"Saviours" or "Bystanders"? Framing the "International Community" in the Responsibility to Protect
IDS Convening Space
When faced with the shocking atrocities of genocide, ethnic cleansing, war crimes and crimes against humanity, we often hear calls for the "international community" to act (i.e. to intervene militarily) in order to save victims, or hear condemnation of the way in which the international community "stands aside", remaining a passive "bystander to genocide".
This framing of the international community as either an active saviour or a passive bystander is reproduced at the heart of the responsibility to protect—an international commitment to prevent and respond to mass atrocity crimes through military intervention when necessary. According to its supporters, this commitment is the best hope for limiting or ending mass atrocities.
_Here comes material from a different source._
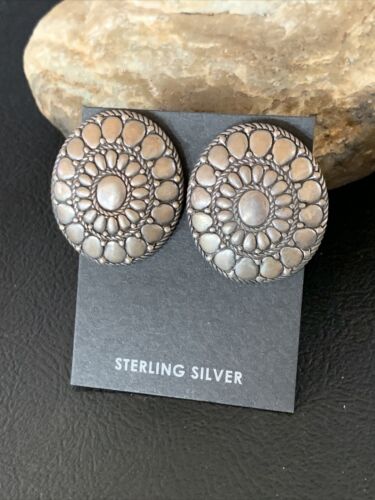 Old Pawn Women's Southwestern Sterling Silver Oval Stud Earrings | 1" | 13000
This seminar, by contrast, will argue that the responsibility to protect is not fit for purpose. Once we move beyond a framing of the international community as active saviours or passive bystanders, and instead recognise the already-existing economic and political interventions that both destroy livelihoods and generate a world in which ethnic cleansing, genocide, war crimes and crimes against humanity are more likely to occur, we start to see that the responsibility to protect works to legitimatise devastating military interventions performed by actors that are already involved in malicious economic and political forms of intervention. Bringing into the picture these already-existing forms of intervention helps to open up avenues for demilitarising international responses to mass atrocities.
About the speaker:
Dr Robin Dunford researches and lectures in globalisation and contemporary war, with special interests in the practices and theories of transnational resistance at the University of Brighton. Robin's particular research focus is on how practices of resistance re-orientate understandings of human rights, citizenship, democracy and emancipation. He has written on practices of autonomous peasant resistance, focusing both on grass roots practices of land occupations and on transnational demands for rights to food sovereignty.